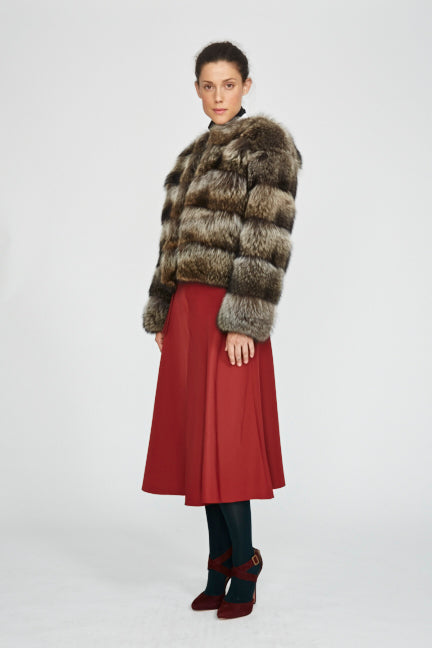 Raccoon fur in horizontal cut short jacket styled on model wearing a red skirt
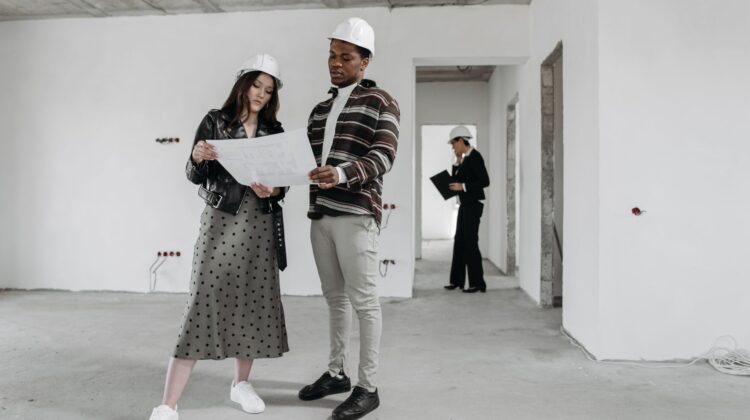 construction project management consultant reviewing commercial construction site plans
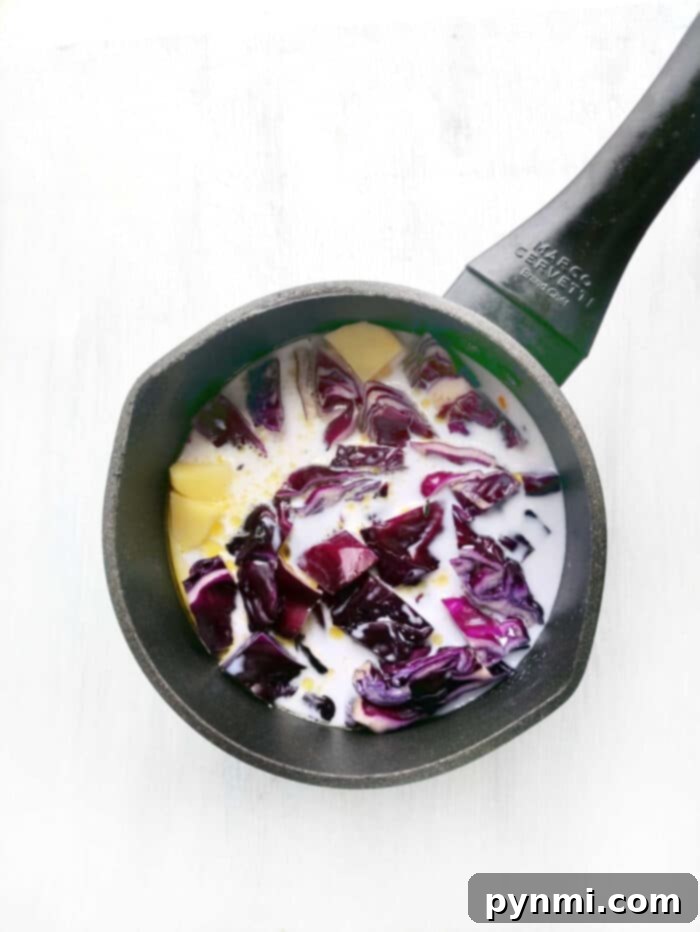 A close-up of a bowl of creamy pureed vegetable soup, showcasing its rich texture and inviting color.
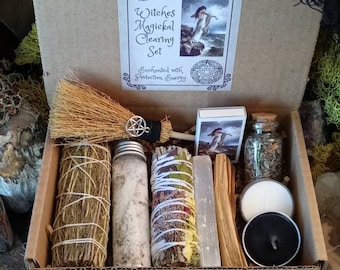 May include: A cardboard box labeled "Witches Magickal Clearing Set" contains a small broom, bundles of herbs, a jar of salt, a selenite wand, incense sticks, a matchbox, a small jar, and two candles. The box is decorated with a picture of a woman.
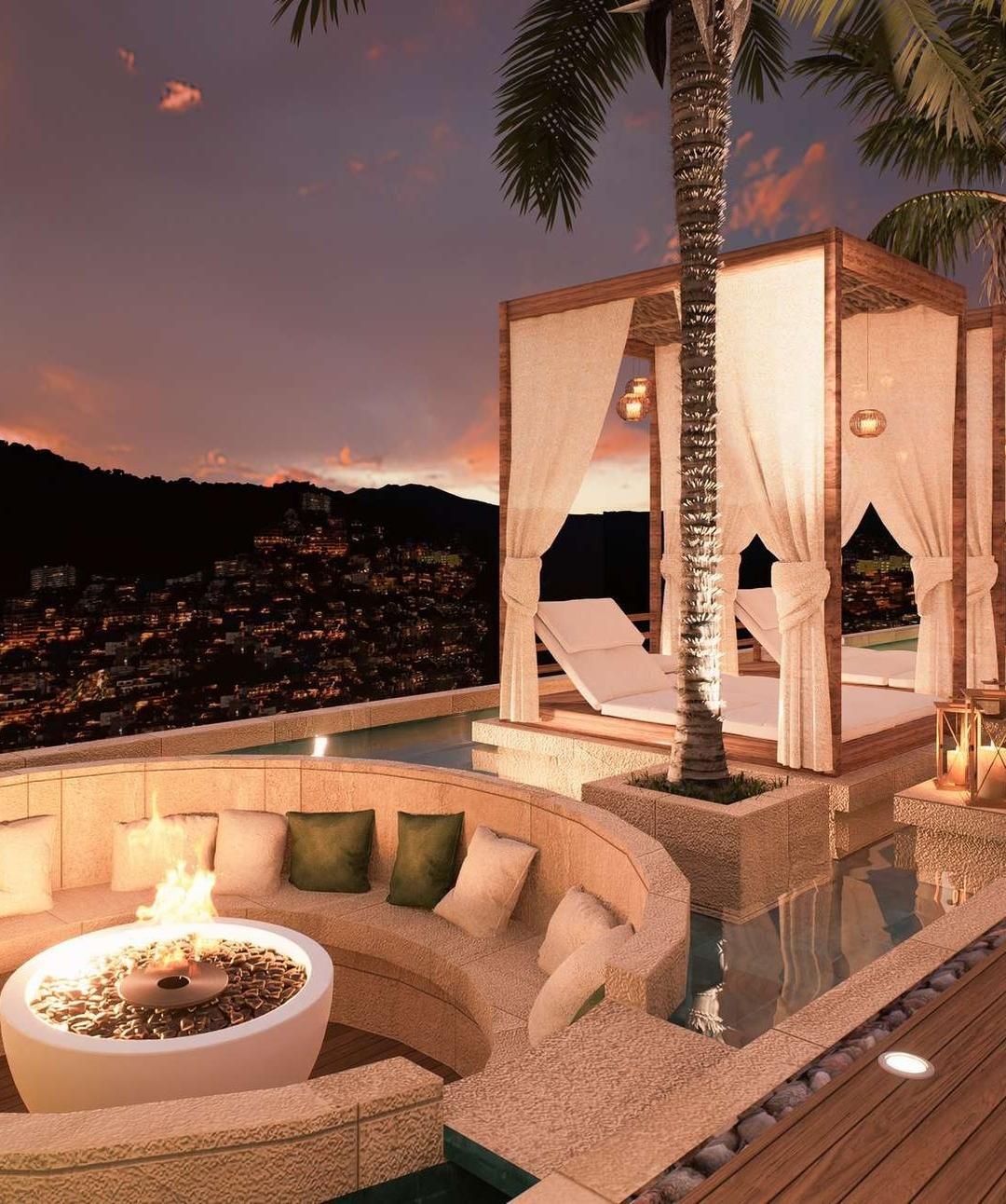 Rooftop cabana and fire pit at sunset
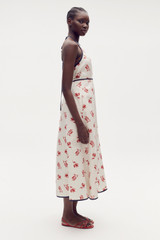 Profile view of model wearing the Oroton Dutch Tulip Halter Sundress in Ecru and 100% linen for Women
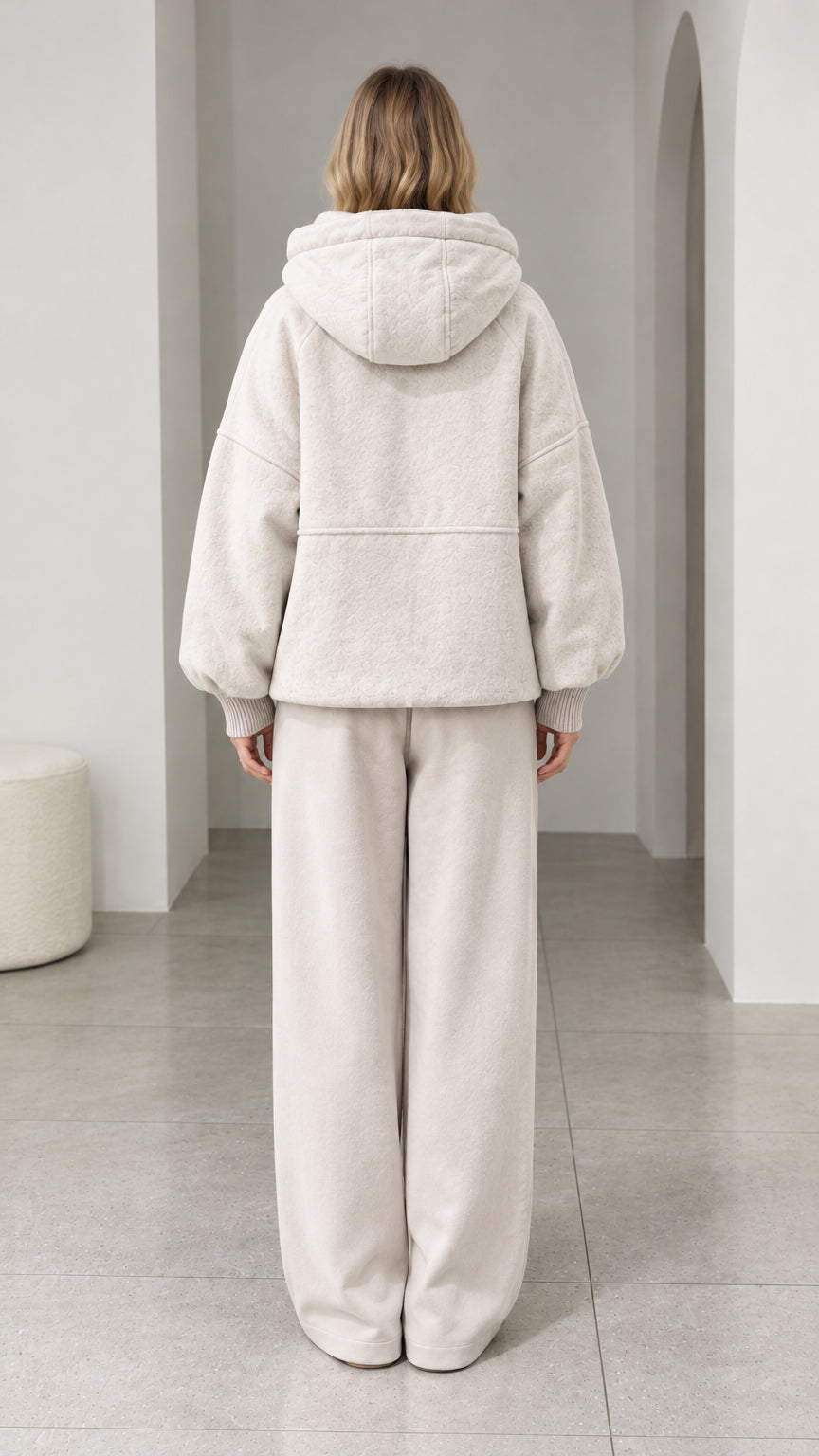 Back view of model wearing cream textured fleece hooded jacket and lounge pants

> _What you should do_
Omit the pictures, then output every record exactly as given.

> _Task solution_
 Raccoon fur in horizontal cut short jacket styled on model wearing a red skirt
 construction project management consultant reviewing commercial construction site plans
 A close-up of a bowl of creamy pureed vegetable soup, showcasing its rich texture and inviting color.
 May include: A cardboard box labeled "Witches Magickal Clearing Set" contains a small broom, bundles of herbs, a jar of salt, a selenite wand, incense sticks, a matchbox, a small jar, and two candles. The box is decorated with a picture of a woman.
 Rooftop cabana and fire pit at sunset
 Profile view of model wearing the Oroton Dutch Tulip Halter Sundress in Ecru and 100% linen for Women
 Back view of model wearing cream textured fleece hooded jacket and lounge pants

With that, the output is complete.